Honorar dem Kunden überlassen?

Ich bin im Newsletter-Verteiler von Martin Röll. In ganz unregelmäßigen Abständen informiert er darüber, was er gerade so macht oder was so ansteht. Vor einigen Tagen kam mal wieder einer. Darin bewirbt er u.a. eine Neuauflage seines Seminars “Consulting Verkaufen”. Ich hab auf den Link zur dazugehörigen Website geklickt und gelesen. Unter dem Stichwort `Honorar` ist dort zu lesen:

Mein Honorar liegt in ihrem freien Ermessen. Ich empfehle einen Betrag zwischen 600 und 1200 Euro.

Und nun frage ich mich: Ist das eine gute Idee? Klar, Martin Röll wird kalkuliert haben, 600 braucht er mindestens, 1200 wäre der Mercedes, und vermutlich werden die meisten 800 zahlen, weil niemand als Wenigzahler gelten möchte… So gesehen, eine gute Idee.

Aber ist das gut und richtig so?

 

Für mich hat das was von einem Basar. Also ich weiß ganz genau, was welche meine Leistungen kostet. Das heißt nicht, dass ich nicht mal entgegen komme oder zu Verhandlungen bereit bin. Aber eine angebotene und somit ja einkalkulierte Differenz von 600 Euro finde ich schon seltsam.

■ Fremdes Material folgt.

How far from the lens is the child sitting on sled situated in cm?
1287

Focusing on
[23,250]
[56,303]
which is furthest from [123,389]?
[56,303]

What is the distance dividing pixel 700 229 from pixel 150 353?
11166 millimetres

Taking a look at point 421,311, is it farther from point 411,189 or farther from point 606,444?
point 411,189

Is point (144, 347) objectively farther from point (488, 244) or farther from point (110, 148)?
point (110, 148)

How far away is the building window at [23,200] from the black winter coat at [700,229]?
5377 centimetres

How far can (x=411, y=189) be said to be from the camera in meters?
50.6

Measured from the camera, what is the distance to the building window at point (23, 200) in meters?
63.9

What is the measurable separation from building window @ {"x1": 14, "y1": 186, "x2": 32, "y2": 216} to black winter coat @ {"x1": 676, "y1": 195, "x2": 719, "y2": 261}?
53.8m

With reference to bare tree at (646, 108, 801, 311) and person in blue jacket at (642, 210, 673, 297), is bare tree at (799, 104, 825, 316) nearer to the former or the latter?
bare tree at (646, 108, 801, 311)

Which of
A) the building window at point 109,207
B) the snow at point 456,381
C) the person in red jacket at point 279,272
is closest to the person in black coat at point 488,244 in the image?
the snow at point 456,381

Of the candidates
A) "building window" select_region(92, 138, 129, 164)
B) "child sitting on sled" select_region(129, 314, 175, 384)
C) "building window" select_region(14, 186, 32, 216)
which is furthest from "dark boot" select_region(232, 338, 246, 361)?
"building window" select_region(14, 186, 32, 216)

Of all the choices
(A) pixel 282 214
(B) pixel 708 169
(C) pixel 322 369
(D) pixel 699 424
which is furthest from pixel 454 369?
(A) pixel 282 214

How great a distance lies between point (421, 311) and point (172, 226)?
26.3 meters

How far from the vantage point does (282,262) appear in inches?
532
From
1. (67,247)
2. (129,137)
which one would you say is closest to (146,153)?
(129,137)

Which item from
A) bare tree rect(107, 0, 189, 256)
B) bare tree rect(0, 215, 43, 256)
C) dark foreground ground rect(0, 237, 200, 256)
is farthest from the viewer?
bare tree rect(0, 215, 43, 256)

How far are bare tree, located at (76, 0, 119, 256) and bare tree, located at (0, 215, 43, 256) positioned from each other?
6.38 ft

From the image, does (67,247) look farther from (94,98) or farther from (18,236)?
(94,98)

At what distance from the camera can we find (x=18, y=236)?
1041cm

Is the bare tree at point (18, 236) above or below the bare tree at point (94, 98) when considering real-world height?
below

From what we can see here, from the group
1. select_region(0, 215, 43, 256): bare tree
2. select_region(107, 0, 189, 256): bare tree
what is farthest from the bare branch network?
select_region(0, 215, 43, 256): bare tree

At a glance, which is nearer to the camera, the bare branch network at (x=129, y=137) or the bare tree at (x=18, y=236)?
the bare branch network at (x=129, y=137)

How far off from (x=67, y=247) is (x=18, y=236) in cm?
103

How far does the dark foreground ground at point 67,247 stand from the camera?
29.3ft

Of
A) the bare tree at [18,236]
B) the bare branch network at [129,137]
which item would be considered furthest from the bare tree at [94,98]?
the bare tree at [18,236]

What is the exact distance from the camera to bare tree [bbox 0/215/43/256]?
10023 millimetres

Wenn man so verfährt – und es sich leisten kann! – dann sollte man auch wirklich dem Kunden das Zepter übergeben und sagen:

Zahlen Sie, was es Ihnen wert ist.

Das aber kann sich vermutlich kaum jemand leisten… 

11 Kommentare
  1. Christian sagte:

    Die Bezahlung dem Kunden ganz zu überlassen ist zwar irgendwie ene schöne Idee, weil sie dem Kunden ja auch dazu bringt, sich mit dem Wert der Leistung wirklich auseinander zu setzen – bei manchen Kunden wünsche ich mir das schon mal – aber auch ziemlich mutig.

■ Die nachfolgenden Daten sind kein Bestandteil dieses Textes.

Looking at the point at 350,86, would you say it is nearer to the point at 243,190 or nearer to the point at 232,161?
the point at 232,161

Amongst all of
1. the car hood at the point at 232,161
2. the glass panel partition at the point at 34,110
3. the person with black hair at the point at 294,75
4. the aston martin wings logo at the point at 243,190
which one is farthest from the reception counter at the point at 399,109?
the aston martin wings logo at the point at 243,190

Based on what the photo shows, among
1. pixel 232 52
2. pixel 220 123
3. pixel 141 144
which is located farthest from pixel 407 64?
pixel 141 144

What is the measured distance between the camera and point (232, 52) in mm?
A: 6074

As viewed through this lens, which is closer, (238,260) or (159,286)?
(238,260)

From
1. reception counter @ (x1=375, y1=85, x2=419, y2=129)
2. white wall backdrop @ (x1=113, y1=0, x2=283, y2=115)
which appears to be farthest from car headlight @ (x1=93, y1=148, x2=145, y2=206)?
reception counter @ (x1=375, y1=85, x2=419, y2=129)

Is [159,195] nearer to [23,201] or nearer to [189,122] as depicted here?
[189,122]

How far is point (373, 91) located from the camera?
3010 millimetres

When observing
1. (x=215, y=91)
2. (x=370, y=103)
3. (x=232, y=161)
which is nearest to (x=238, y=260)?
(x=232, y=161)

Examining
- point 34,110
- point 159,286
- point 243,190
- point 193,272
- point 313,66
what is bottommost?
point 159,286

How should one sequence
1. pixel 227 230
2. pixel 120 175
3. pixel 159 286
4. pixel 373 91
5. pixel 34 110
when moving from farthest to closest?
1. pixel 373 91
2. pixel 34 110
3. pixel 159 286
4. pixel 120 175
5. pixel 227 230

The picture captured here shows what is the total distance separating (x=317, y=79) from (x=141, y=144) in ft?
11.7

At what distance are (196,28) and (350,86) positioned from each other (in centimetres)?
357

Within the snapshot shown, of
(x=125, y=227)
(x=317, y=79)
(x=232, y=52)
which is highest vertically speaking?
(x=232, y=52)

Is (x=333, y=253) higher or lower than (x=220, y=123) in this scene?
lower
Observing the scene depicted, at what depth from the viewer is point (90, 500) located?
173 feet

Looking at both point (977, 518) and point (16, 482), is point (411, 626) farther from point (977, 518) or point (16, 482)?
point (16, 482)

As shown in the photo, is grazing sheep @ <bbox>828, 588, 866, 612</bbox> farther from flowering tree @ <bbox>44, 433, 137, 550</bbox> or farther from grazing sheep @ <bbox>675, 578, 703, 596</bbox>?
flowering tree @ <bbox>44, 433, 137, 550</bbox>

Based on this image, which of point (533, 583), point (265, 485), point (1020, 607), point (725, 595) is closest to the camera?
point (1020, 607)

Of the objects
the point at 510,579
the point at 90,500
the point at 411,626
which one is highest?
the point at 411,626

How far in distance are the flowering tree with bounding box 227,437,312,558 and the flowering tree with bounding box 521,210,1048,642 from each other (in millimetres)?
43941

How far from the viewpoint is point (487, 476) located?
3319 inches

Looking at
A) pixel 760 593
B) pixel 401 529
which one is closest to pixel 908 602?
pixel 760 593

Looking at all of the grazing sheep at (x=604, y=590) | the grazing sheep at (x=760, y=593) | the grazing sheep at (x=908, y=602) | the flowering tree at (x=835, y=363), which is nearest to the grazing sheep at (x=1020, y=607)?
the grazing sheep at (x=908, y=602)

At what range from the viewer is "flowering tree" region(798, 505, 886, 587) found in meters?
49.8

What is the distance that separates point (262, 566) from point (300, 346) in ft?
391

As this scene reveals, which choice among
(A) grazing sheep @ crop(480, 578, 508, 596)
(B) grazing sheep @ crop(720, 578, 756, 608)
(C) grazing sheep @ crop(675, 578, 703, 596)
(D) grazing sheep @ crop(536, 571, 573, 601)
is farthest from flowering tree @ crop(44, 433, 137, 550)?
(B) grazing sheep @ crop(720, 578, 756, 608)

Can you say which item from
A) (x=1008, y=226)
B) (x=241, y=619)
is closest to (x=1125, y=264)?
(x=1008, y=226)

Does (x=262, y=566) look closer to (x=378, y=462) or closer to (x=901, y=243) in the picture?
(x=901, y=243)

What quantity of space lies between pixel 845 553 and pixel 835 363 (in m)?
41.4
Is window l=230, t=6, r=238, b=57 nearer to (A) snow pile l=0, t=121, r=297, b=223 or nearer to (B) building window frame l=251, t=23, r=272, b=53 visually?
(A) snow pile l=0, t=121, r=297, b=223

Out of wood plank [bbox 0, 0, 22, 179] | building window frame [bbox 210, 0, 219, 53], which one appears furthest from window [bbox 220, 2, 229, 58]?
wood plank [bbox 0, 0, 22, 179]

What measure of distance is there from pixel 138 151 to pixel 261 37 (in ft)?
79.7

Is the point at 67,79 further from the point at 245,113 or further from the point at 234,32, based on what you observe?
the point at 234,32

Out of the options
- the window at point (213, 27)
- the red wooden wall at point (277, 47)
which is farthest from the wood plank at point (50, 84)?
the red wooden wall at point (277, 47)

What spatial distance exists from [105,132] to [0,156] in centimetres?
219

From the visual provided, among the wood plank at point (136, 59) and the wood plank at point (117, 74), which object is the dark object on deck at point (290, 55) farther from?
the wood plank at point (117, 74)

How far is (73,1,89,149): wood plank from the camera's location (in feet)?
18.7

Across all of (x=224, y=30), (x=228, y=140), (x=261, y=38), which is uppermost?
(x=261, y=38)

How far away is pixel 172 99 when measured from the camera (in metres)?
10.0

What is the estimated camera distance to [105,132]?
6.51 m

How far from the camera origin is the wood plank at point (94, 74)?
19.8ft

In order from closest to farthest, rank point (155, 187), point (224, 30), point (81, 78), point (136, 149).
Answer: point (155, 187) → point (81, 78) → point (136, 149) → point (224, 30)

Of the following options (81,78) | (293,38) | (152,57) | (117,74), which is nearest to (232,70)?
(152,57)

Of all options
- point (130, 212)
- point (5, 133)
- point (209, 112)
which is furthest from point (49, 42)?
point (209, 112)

    Ich mache das im privaten Bereich, wenn mich Freunde ansprechen, ob ich ihnen “mal eben” was helfen kann. Laptop installieren, Fotos machen, WLAN einrichten oder so.
    Das sind dann Menschen, die sich die Stunden, die ich bei ihnen verbringe oft nicht leisten könnten.
    Und so habe ich mir angewöhnt, denen zu sagen, sie sollen sich was überlegen. Dann beginnen die nämlich oft das erste mal über den Wert dieser Stunden nachzudenken und jeder kann was tun, was ihm auch passt.
    Essen gehen, mir meine Esstisch-Stühle leimen, mich auf eine Fanta4-Backstage-Party einladen. Das ist alles schon vorgekommen und ich finde, damit fahre ich total gut :)

  2. Thomas H. Lemke sagte:

    Spannende Frage, Frau Mestmäcker: Was ist denn gut und richtig? Wer soll denn das beurteilen?

    Die gleiche Leistung oder das gleiche Produkt in verschiedenen Umfeldern zu verschiedenen Preisen anzubieten, ist ja üblich. Manche Anbieter geben Kriterien vor, nach denen unterschiedliche Preise gelten (Studenten, Arbeitlose, sogenannte Selbstzahler bei Angeboten für Firmen etc.). Warum aber soll der Anbieter sich Kriterien überlegen, die in der Praxis dann doch zu zweifelhaften Ergebnissen führen?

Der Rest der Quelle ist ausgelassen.